The line holding "그로브(GROVE) 23FW VELVET IZI T-SHIRT_BLACK" is the last one to output; start at the first line of the data, keep every line in between exactly, and leave out pictures.

### SOURCE RECORDS

==========

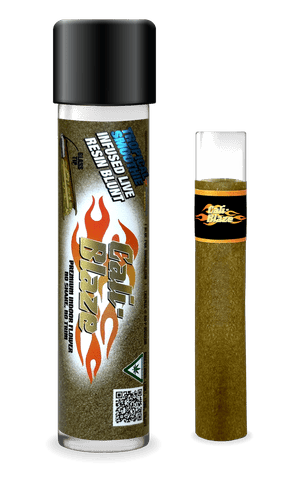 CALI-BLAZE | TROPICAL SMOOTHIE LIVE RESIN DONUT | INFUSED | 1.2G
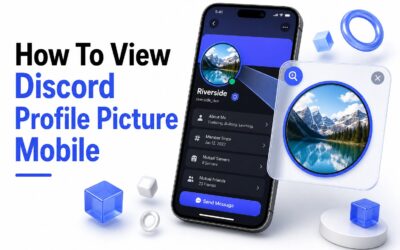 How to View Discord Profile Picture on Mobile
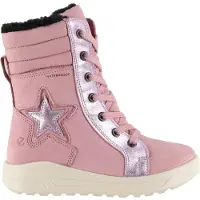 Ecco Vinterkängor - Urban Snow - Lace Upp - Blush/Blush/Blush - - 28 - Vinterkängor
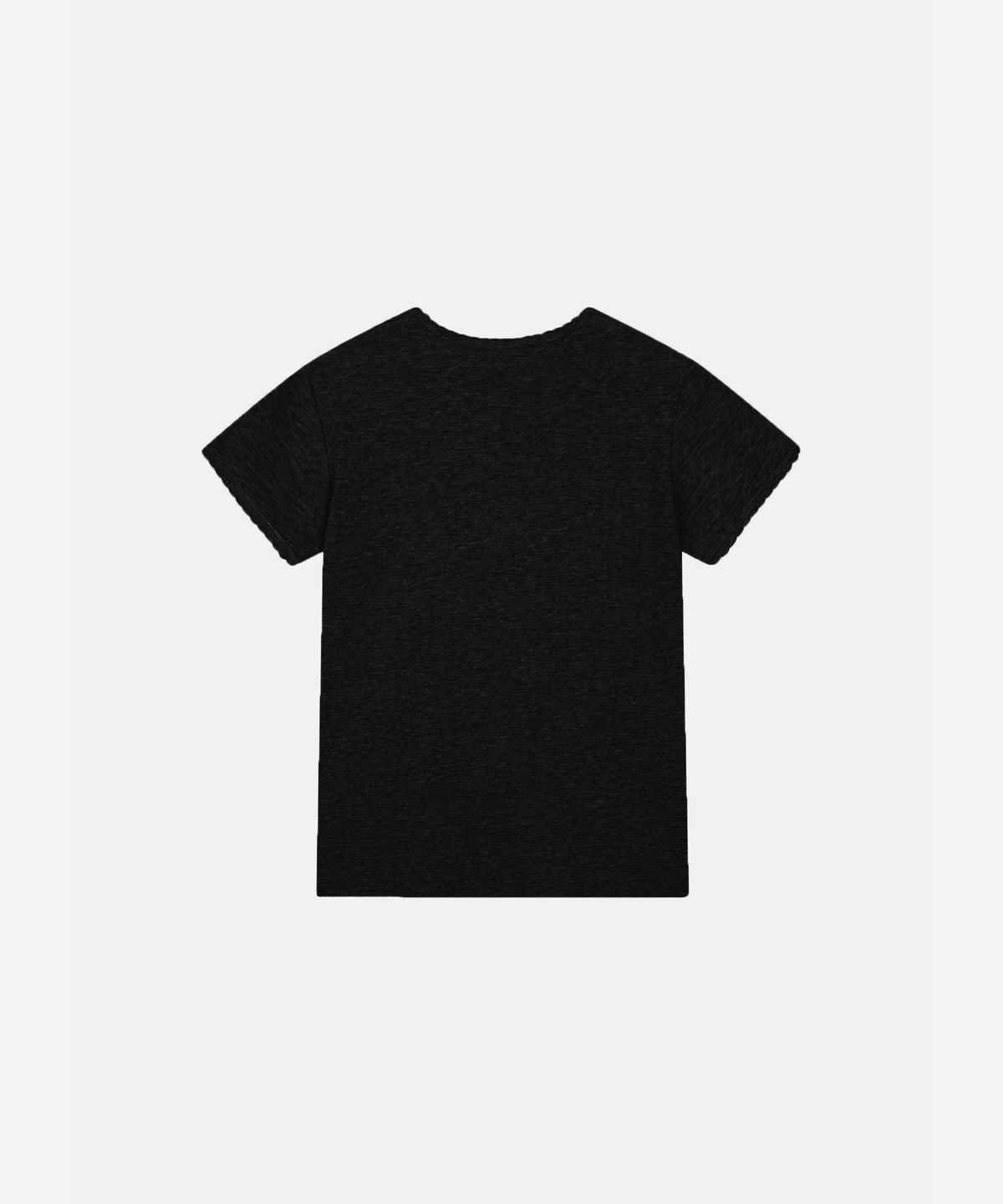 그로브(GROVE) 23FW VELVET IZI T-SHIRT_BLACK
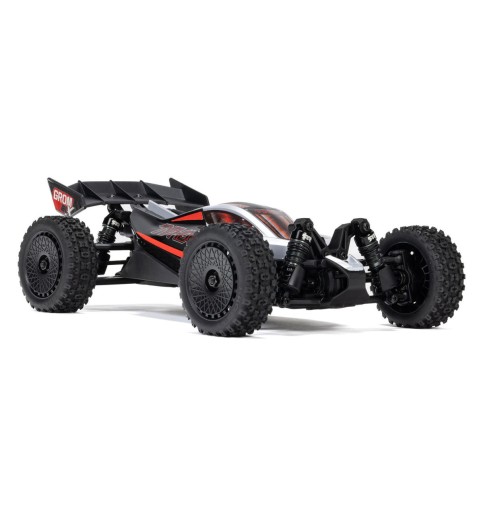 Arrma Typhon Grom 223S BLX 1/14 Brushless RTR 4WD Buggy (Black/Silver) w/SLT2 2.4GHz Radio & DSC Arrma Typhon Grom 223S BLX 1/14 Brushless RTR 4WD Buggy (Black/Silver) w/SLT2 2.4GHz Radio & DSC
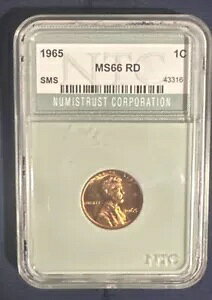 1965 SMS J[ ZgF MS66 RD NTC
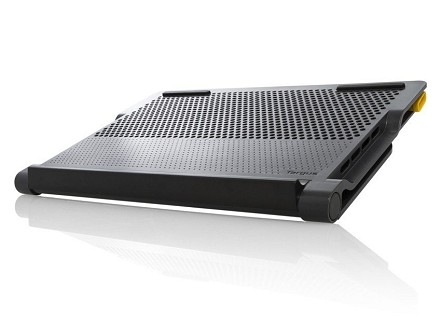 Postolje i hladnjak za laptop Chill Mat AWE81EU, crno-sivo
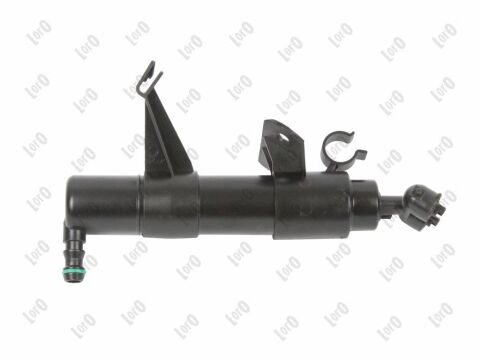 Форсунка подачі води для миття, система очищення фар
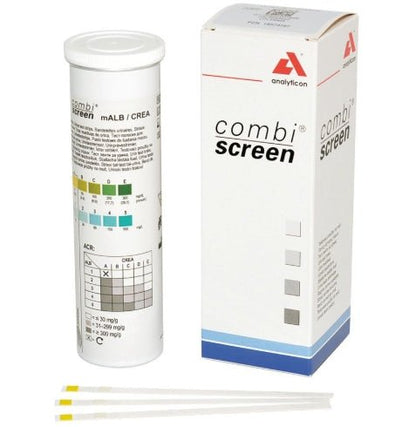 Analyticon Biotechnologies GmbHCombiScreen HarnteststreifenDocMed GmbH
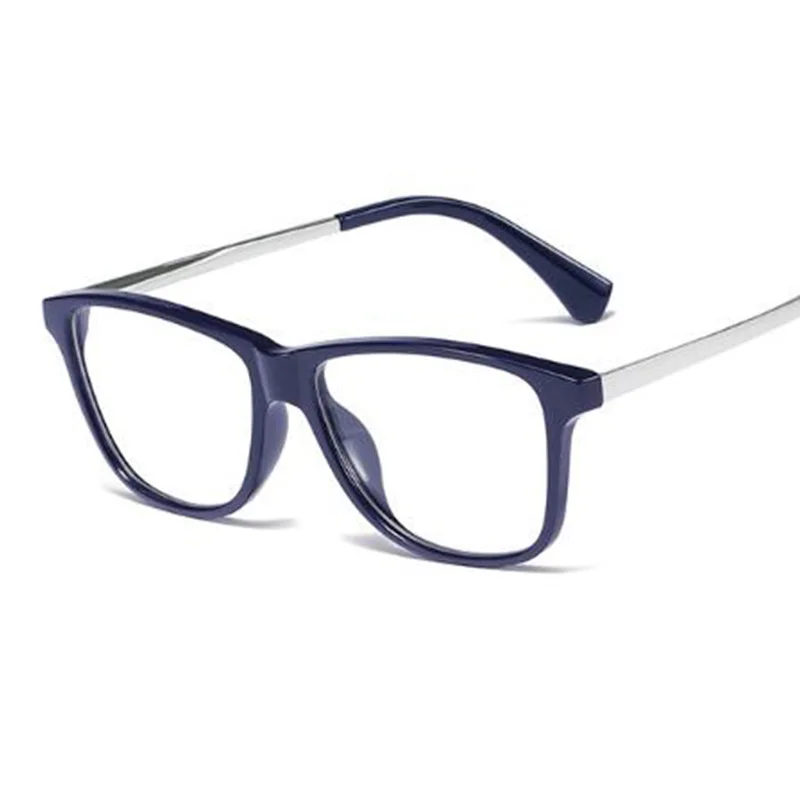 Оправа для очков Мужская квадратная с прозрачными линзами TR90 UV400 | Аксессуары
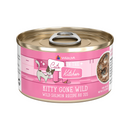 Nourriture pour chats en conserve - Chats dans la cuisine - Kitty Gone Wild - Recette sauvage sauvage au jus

==========

### EXERCISE RESULT
 CALI-BLAZE | TROPICAL SMOOTHIE LIVE RESIN DONUT | INFUSED | 1.2G
 How to View Discord Profile Picture on Mobile
 Ecco Vinterkängor - Urban Snow - Lace Upp - Blush/Blush/Blush - - 28 - Vinterkängor
 그로브(GROVE) 23FW VELVET IZI T-SHIRT_BLACK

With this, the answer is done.